TASK TO COMPLETE:
Output exactly, in the material below, the lines from the one with "Bóton Redondo 5.08cm" through the one with "Luminous Bloom: Two". Omit all pictures.

DATA LISTING:
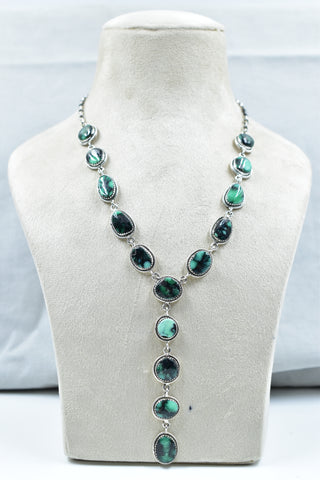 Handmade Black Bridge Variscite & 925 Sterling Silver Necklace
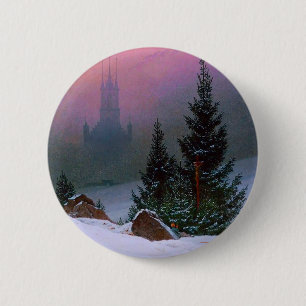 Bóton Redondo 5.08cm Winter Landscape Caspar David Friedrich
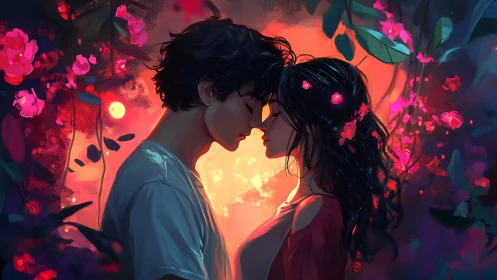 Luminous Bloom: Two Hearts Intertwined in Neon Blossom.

* * *

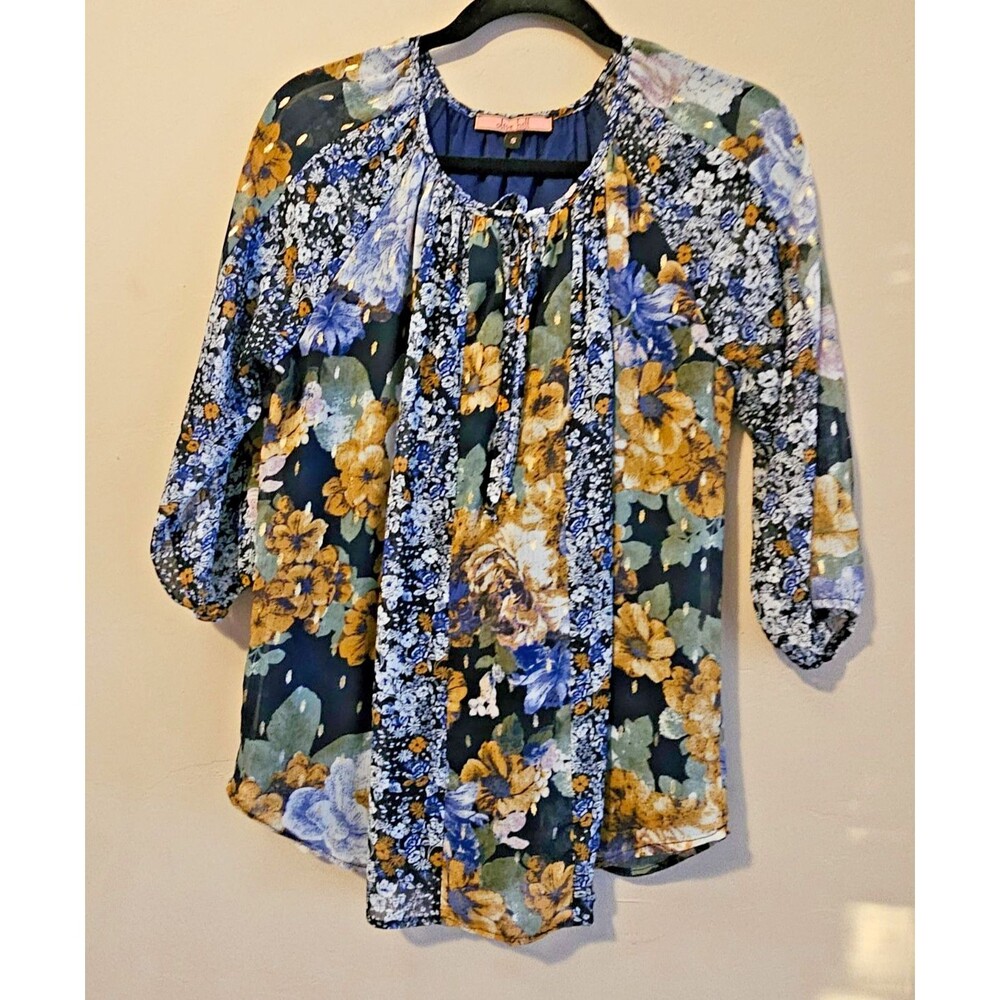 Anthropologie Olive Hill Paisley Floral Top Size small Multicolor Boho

SOLUTION TO THE EXERCISE:
 Bóton Redondo 5.08cm Winter Landscape Caspar David Friedrich
 Luminous Bloom: Two Hearts Intertwined in Neon Blossom.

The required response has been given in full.